Eu fiquei desconcertada, ele ainda riu um pouco e deu outro gole no leite de camelo. Ele percebeu que eu ainda tava chateada com aquela historia então pegou a minha mão e deu um beijo na palma dela, como se eu fosse uma criança a quem ele tentava agradar.



_ Também não é para tanto vai _ ele disse e me puxou para um abraço, mas eu ainda me sentia uma idiota _ Deixa eu te contar uma coisa _ ele falou enquanto eu tava com a cabeça no pescoço dele, mas como eu tava sentada ficou meio desconfortável _ Quando me apresentaram essa bebida, foi na minha festa de dezoito anos, não me disseram o quanto ela era quente e que era melhor tomá-la as goladas, sabe, quando eu ouvi a palavra leite eu pensei “não deve ser nada de mais” então tentei virar o copo. _ nesse momento eu me ajeitei na cadeira para olhar para ele _ Nossa! Foi horrível, quando eu senti aquilo queimando na minha garganta eu tentei cuspi tudo, acabei vomitando até pelo nariz.



Eu dei uma risadinha tímida.



_ O Paulo quis matar meus amigos que tinham me dado a bebida sem um pré aviso _ ele estampou um sorriso nos lábios com a lembrança.



Ficamos ali até ele ter bebido a metade do copo dele (o meu já estava vazio há muito tempo, ele me ofereceu mais um copo, mas eu não quis), quando ele se levantou e disse:



_ Suzan eu vou ali dar uma jogadinha com o pessoal, qualquer coisa é só me chamar!



_ Tudo bem _ eu respondi enquanto olhava para TV, eu assistia o resto da Família Twist.



Segundos depois eu ouvi os homens cumprimentando o João e perguntando se ele queria jogar. Se passaram alguns minutos, e a única coisa que eu conseguia escutar era a gritaria vinda das mesas de sinuca, o que era irritante porque eu tava tentando ouvir a serie, tá certo que eu já tinha assistido aquele episodio sei lá quantas vezes, mas eu gostava, fazer o que?

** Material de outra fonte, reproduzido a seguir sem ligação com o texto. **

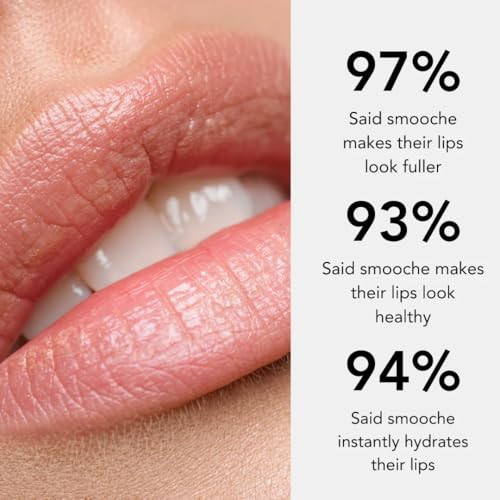 Smooche - Extreme Lip Plumper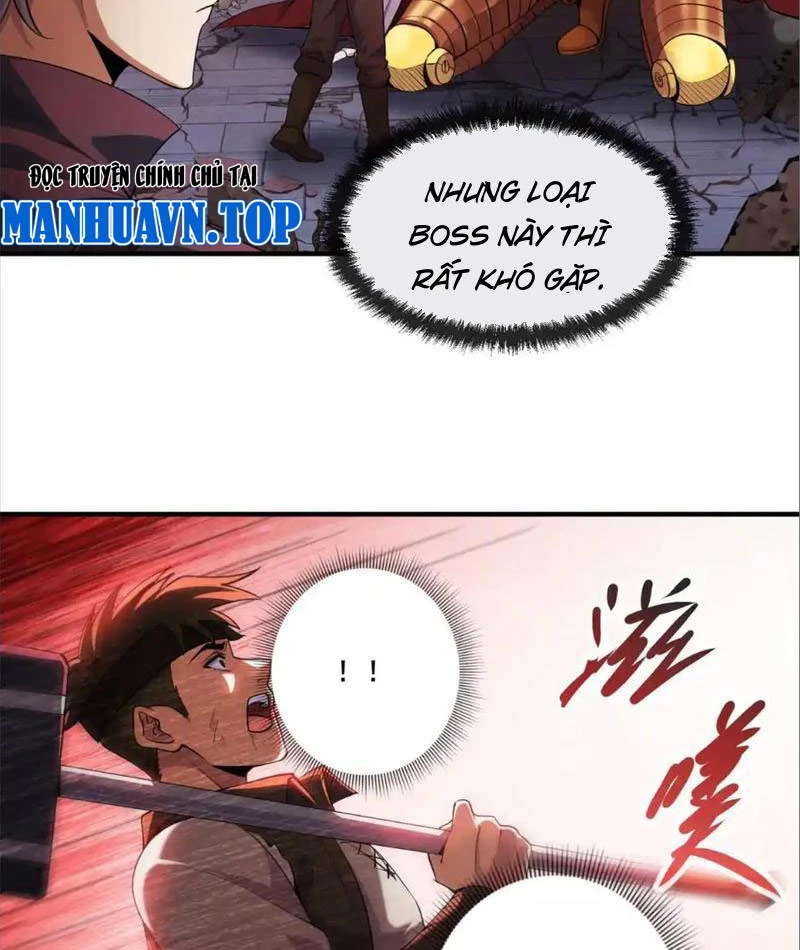 Thập Hoang Chi Vương Chapter 17 - 57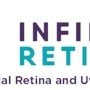 Infinity Retina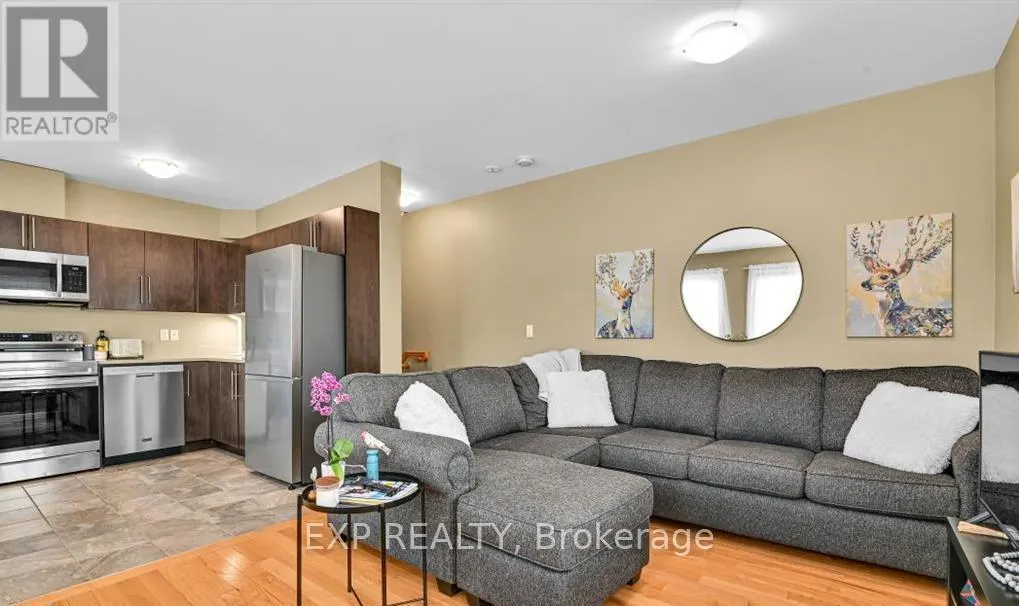 4 - 1210 MCWATTERS ROAD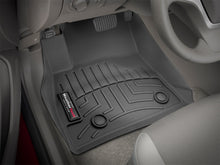 Load image into Gallery viewer, Weathertech 449401 FloorLiner™ DigitalFit® for Select Chevrolet Cruze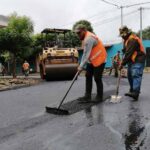 1 y 2 de Mayo: Días de descanso para honrar a las familias trabajadoras de Nicaragua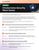 5 Kubernetes Security Must Haves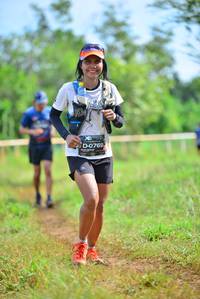 BIB: 0769, 
                            <button type="button" onclick="openModal(5023982)" class="btn btn-primary btn-sm float-right btn-popup" data-toggle="modal" data-target=".modal-high-quality">
                        <i class="fas fa-shopping-cart"></i> Add to Cart
                    </button>
                                            <button type="button" onclick="isThisMe(5023982, true)" class="btn btn-success btn-sm float-right btn-popup btn-isme hidden" data-toggle="tooltip" data-placement="bottom" title="นี่คือรูปของคุณใช่ไหม คลิกที่นี่เพื่อเอาเข้าอัลบั้ม">
                        <i class="fas fa-plus"></i> Add to album
                    </button>
                    <button type="button" onclick="isThisMe(5023982, false)" class="btn btn-warning btn-sm float-right btn-popup btn-isnotme hidden">
                        <i class="fas fa-ban"></i> Remove from album
                    </button>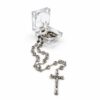 rosario-virgen-fatima-caja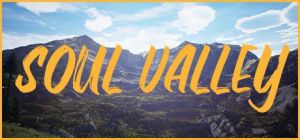 Скачать игру Soul Valley бесплатно на ПК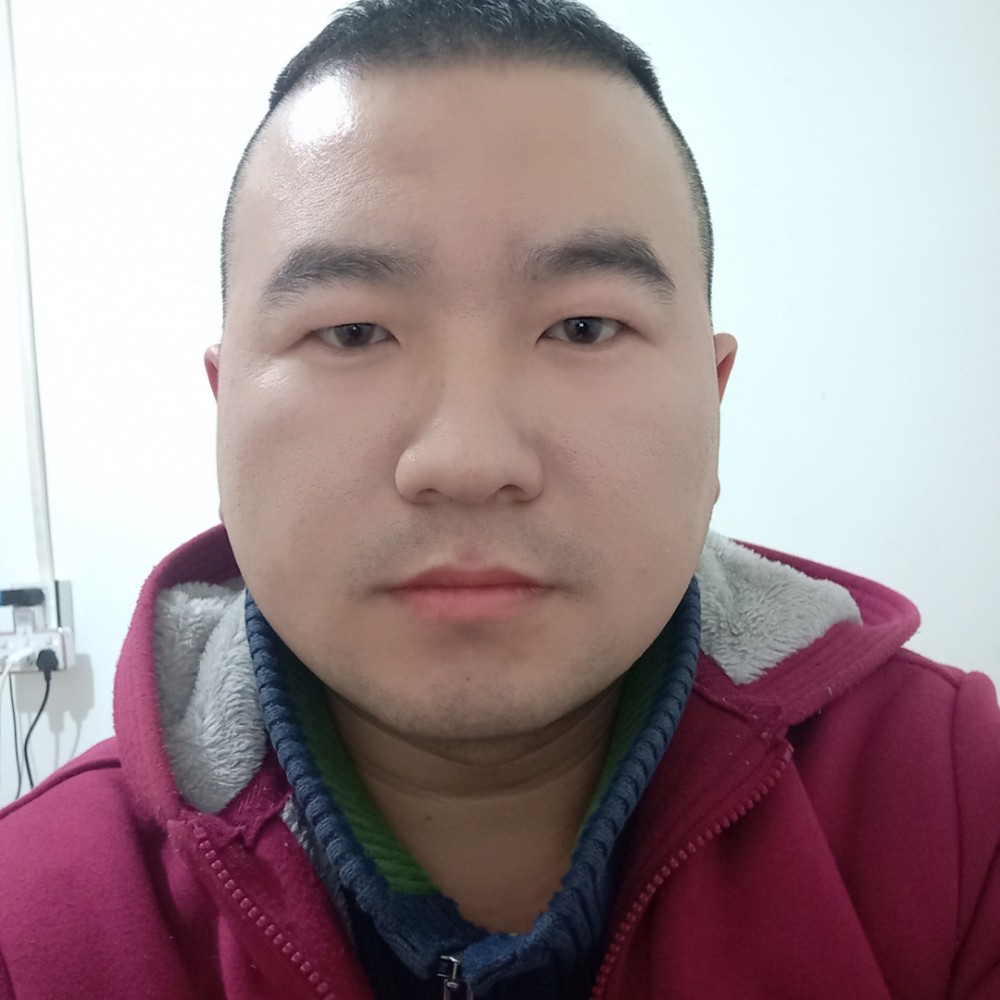 静理德格的照片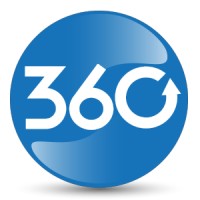 360 Brasil - Marketing Digital logo, 360 Brasil - Marketing Digital contact details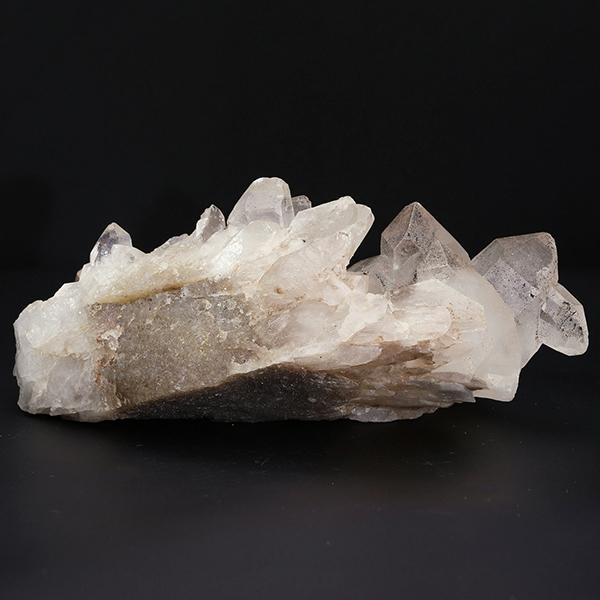 ヒマラヤ水晶 バロチスタン産 クリスタル 原石 天然石 パワーストーン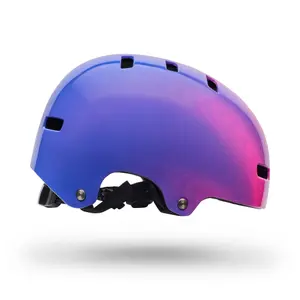 velo-store-1202610181340451034077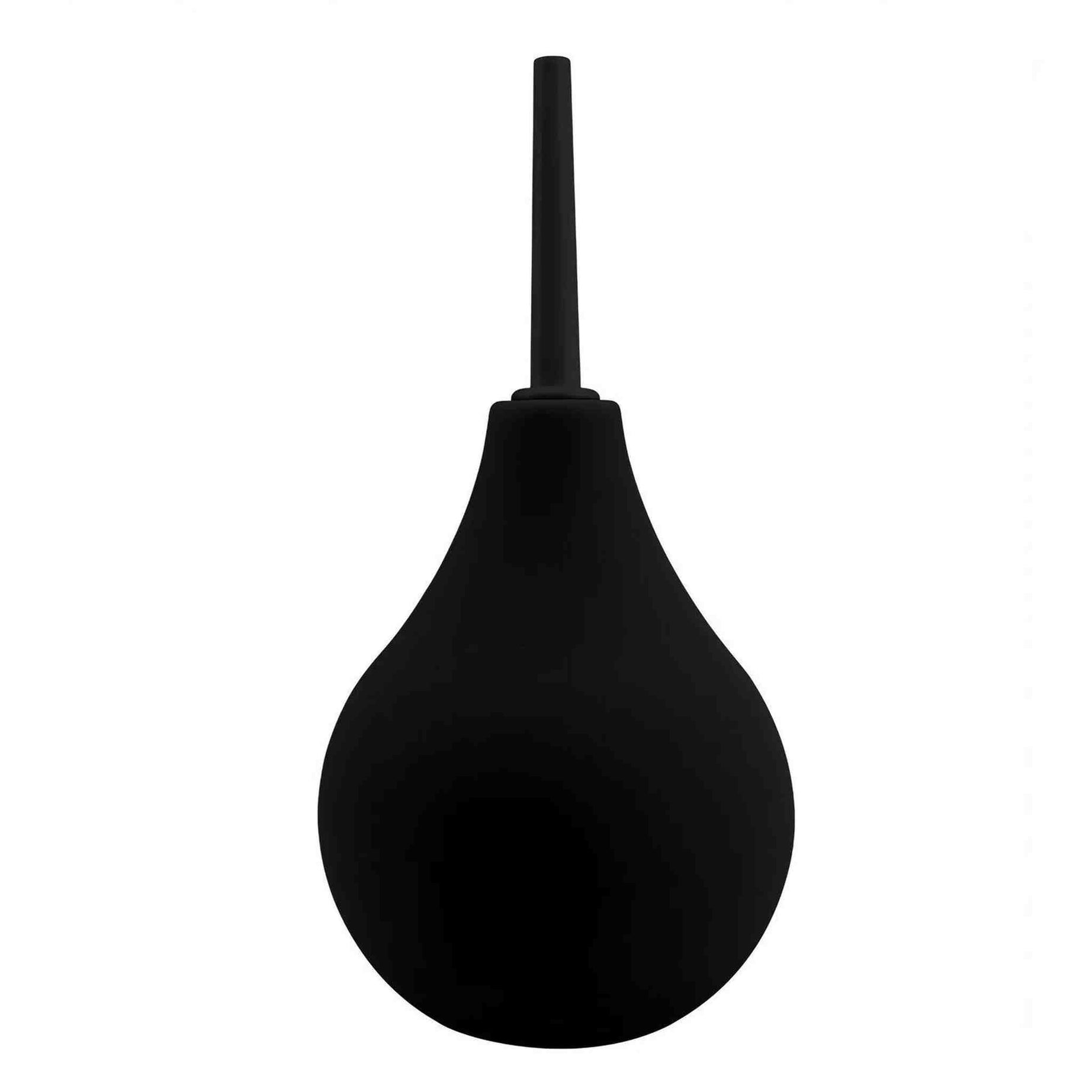 Easy Clean Enema Doccetta Anale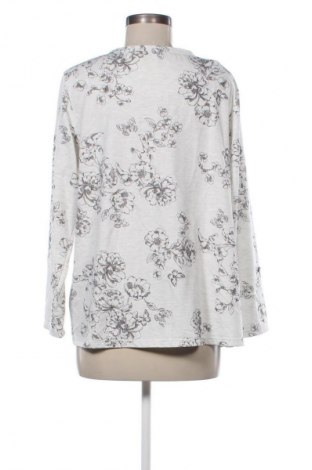 Damen Shirt Tu, Größe XXL, Farbe Mehrfarbig, Preis 9,72 €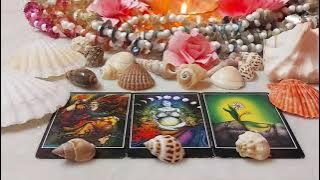 Your wedding day details ✨ 💛 mindset / guest reaction | Tarot pick a card reading | Timeless 💋 🌎🌸🌸🍇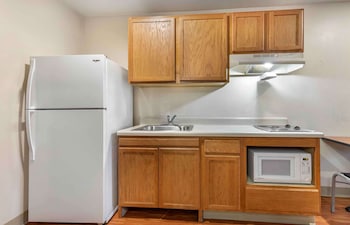 extended stay america select suites austin round rock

Como eu tava muito entretida com a TV, tomei um susto quando um homem se aproximou e sentou onde o João esteve sentado.



_ Oi _ ele cumprimento.



Quando ele abriu a boca só veio um bafo de álcool na minha cara, ele estava embriagado obviamente.



_ Oi _ eu disse, o que mais eu podia dizer?



_ Tá sozinha? _ ele perguntou mandando mais uma baforada de cerveja.



Eu, simplesmente, balancei a cabeça dizendo que não e apontei na direção das mesas de sinuca.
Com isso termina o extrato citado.